Thomas Mann’s novel, as its subtitle states, is about a German composer named Leverkühn. The story is set in the 1940s, during and after the Second World War. Mann was an early opponent of the Nazi regime and spent the years during and after the war in exile. His hero Leverkühn believes a myth that to be a great composer, he must also be diseased and insane, the way many creators in the Romantic age were. This is his Faustian bargain with the world. Naturally, things do not work out well for him after he makes this decision. Mann’s portrait of Leverkühn was partly influenced by the celebrated example of the German philosopher Friedrich Nietzschewho despite being an important thinker, also suffered from madness during the last part of his life. As we can see, there are many serious and somber themes in Mann’s novel, but he was writing in very serious times. Among many things taken seriously in his novel is music, as Mann writes:

This music of yours. A manifestation of the highest energy — not at all abstract, but without an object, energy in a void, in pure ether — where else in the universe does such a thing appear? We Germans have taken over from philosophy the expression ‘in itself,’ we use it every day without much idea of the metaphysical. But here you have it, such music is energy itself, yet not as idea, rather in its actuality. I call your attention to the fact that is almost the definition of God. Imitatio Dei — I am surprised it is not forbidden.
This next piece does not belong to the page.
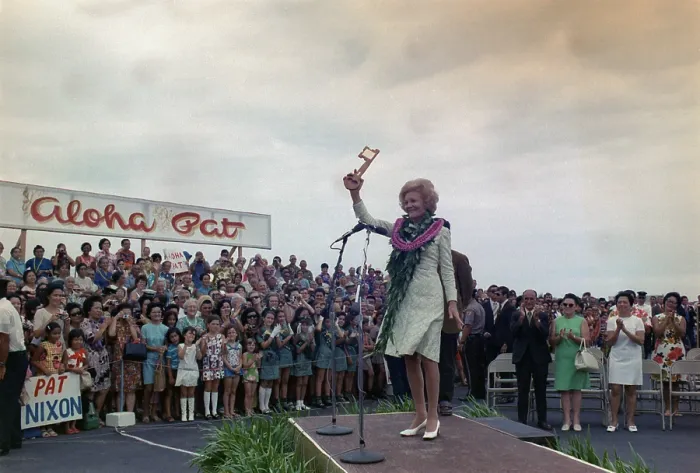 Framed Print : First Lady campaigning in Hawaii. A crowd of mostly women applaud as Pat Nixon receives a Key to the City of Hilo on the Big Island. Aug. 31 1972 Framed Print : First Lady campaigning in Hawaii. A crowd of mostly women applaud as Pat Nixon receives a Key to the City of Hilo on the Big Island. Aug. 31 1972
To better understand music, Mann researched the subject as if he were a graduate student preparing a thesis. He consulted the noted philosopher and writer on music Theodor Adorno, who acted as a sort of thesis adviser. Mann also studied the lives of composers such as Mozart, Beethoven, Hector Berlioz, Hugo Wolf, Franz Schreker, and Alban Berg. He even got in touch with living composers to discuss music, including Igor Stravinsky and Arnold Schoenberg. So in a sense, Mann’s Doctor Faustus is a product of research, as well as a writer’s imagination. Perhaps for this reason it ended up in the personal library of the eminent researcher Benedict Anderson, and TU students and ajarns now have the privilege of reading Professor Anderson’s own copy of this notable book.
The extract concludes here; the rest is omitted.